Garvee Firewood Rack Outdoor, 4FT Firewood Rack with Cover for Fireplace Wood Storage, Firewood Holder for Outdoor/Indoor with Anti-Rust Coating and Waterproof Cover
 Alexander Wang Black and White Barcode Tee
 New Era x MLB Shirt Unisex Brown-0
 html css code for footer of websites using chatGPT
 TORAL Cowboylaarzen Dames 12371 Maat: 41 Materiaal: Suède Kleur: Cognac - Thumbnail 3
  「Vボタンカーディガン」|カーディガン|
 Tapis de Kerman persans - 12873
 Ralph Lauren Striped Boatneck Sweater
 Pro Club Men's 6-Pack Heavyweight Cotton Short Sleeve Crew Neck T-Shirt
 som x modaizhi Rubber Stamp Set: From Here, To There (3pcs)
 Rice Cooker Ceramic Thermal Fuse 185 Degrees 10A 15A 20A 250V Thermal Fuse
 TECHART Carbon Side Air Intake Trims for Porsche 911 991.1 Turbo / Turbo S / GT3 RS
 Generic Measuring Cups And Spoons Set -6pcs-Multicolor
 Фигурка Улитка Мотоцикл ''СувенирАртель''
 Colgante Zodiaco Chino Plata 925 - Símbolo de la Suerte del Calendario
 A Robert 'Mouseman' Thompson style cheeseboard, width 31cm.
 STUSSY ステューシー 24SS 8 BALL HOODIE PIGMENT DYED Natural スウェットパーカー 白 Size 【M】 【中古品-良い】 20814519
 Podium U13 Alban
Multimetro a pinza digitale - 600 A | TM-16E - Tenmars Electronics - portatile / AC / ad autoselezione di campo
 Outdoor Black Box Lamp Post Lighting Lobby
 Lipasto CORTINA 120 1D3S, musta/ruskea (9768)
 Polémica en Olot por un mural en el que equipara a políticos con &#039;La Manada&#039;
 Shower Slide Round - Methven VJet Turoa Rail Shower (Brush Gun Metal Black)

- - - -

Could you state how many lines in the data hold the word "Shirt"? Only the number should be given.

2